I have to admit to feeling somewhat embarrassed that I actually went onto a melting ice glacier, after being repeatedly told by guides that the ice fields are melting at an increased rate due to global warming.
(It is happening President Trump!)
I wanted to ask why they were still conducting tours of the area, which included huge heavy tractor like trucks with wheels that were taller than me pounding their way across the surface!
The weight of these plus the thirty people inside must have been tremendous and I couldn’t see that this powerful force was doing the ice glacier any good. I’m sure that the National Park service had a good reason for this invasion; maybe the tourism revenue helped to keep the rest of the ice fields intact as well as keeping the park area buoyant.

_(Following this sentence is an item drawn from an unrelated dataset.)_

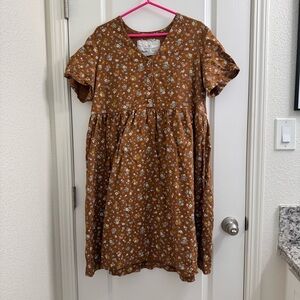 NotPerfectLinen NPL SYMI V-neck linen dress in beautiful floral pattern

However, I did step onto the glacier and walked on its slippery surface with many others. And I goggled in amazement at the towering waterfall of ice that was slowly receding in the distance. I marvelled at the sky blue and sparkling silver colours that appeared beneath me as the weak afternoon sun melted the crunchy, crisp ice.
The cool wind blew and tinged my face pink and a quiet drip, dripping could be heard as trickles of pure, transparent water flowed over the freezing waves of compacted ice.
It was exhilarating and exciting to be standing there surrounded by so much ancient beauty but as we drove slowly off the ice I did wonder how long we would be able to do this before the glacier disappeared altogether.
As I boarded the coach, I felt a little guilty enjoying this experience.